Ohio Creek Watershed Project
The Resilience Park connects the Grandy Village and Chesterfield Heights neighborhoods and includes a flood berm, a restored tidal creek and wetland and other environmental features as well as a multi-use sports field and places for community gatherings, sports and play. Resilience Park strives to be a model for resilient open space that is uniquely Norfolk.
Draft Environment Impact Statement (DEIS)
The project has just completed the Draft Environment Impact Statement (DEIS). The DEIS for the Ohio Creek Project is now available for review and comment. The proposed project consists of an innovative, holistic, regional resiliency approach that extends beyond infrastructure to encompass community and economic development.
The Chesterfield Heights and Grandy Village neighborhoods have been selected to participate in a transformational coastal improvement project. This $112 million project will reduce flooding, improve public spaces and ensure these communities thrive for years to come.
Draft Environmental Impact Statement (DEIS)
Norfolk's Resilience Strategy Goals
The Ohio Creek Watershed Project is part of Norfolk's Resilience Strategy and supports its three goals:
- Design a coastal community capable of dealing with the increased risk of flooding
- Create economic opportunity by advancing efforts to grow existing and new industry sectors
- Advance initiatives to connect communities, deconcentrate poverty, and strengthen neighborhoods
- August 2019 (PDF)
- March 2019 (PDF)
- January 2019 (PDF)
- September 2018 (PDF)
- March 2018 (PDF)
- January 2018 (PDF)
About the Communities
The Ohio Creek Watershed includes two residential, predominantly African American neighborhoods with civic leagues and a strong community identity: Historic Chesterfield Heights with over 400 houses on the Historic National Register; and Grandy Village, which includes a public housing community with more than 300 units.

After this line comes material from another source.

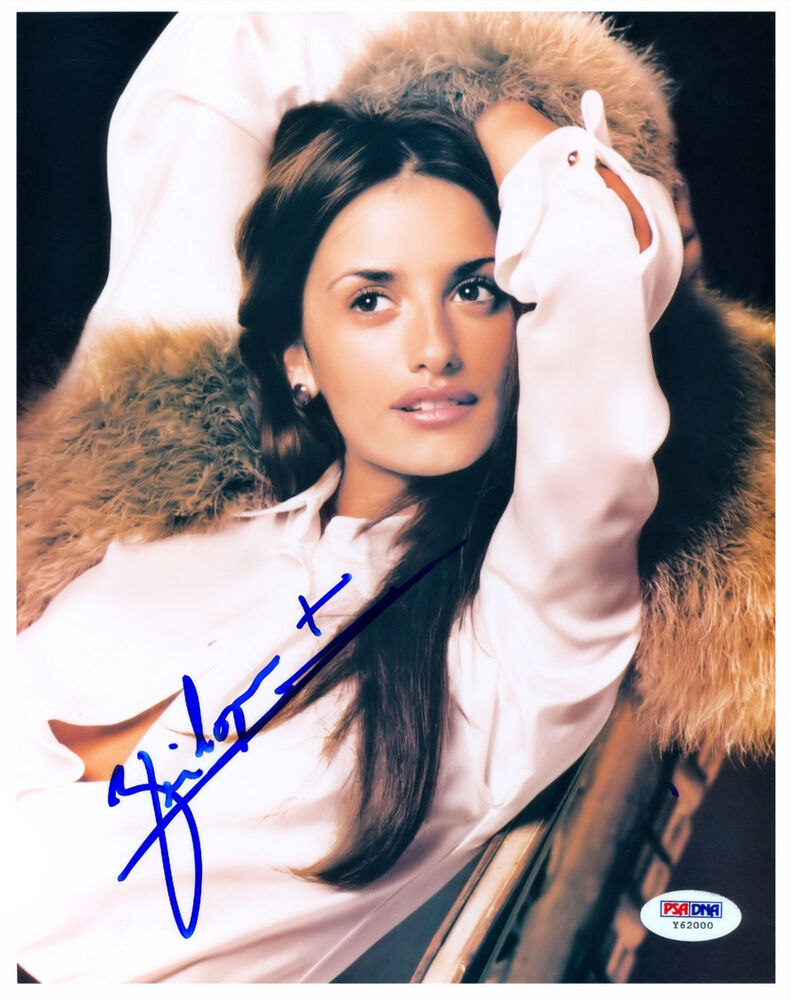 Penelope Cruz Signed PSA/DNA 8X10 Sexy Photo Poster painting Auto Autograph Autographed P8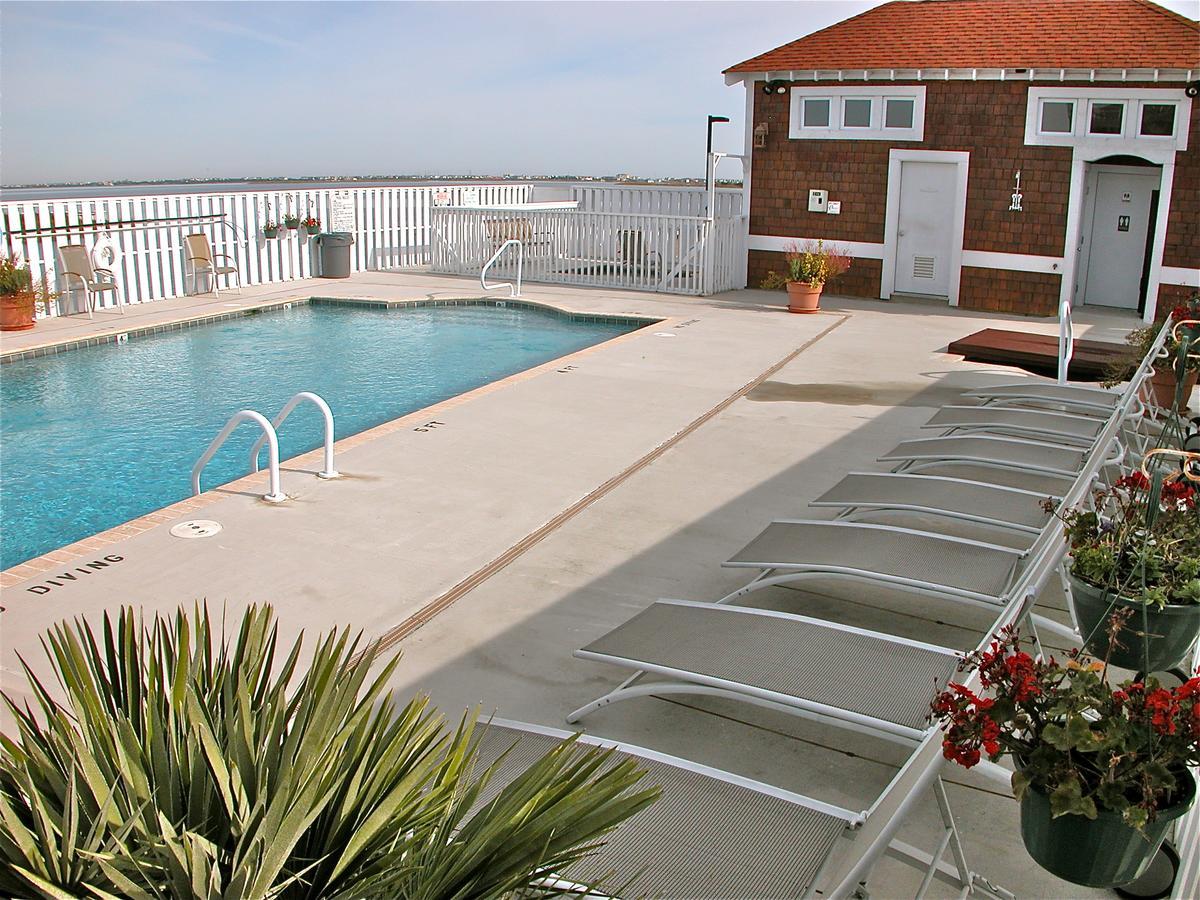 Hotel Oasis Suites 2*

The Ohio Creek Watershed experiences tidal and precipitation flooding. Only two roads access the community. One road is completely impassable during regular nuisance flood events. Residents have expressed concerns about being cut off from the rest of the city. Residents have also expressed concerns about shoreline erosion that exacerbates river flooding and prevents recreational activity.
About the Project
Norfolk was awarded a $112 million federal grant from the National Disaster Resilience Competition for the Ohio Creek Watershed Project. The project is exploring various landscape and hardscape options to improve flooding, public access to the waterway and connections to the rest of the city.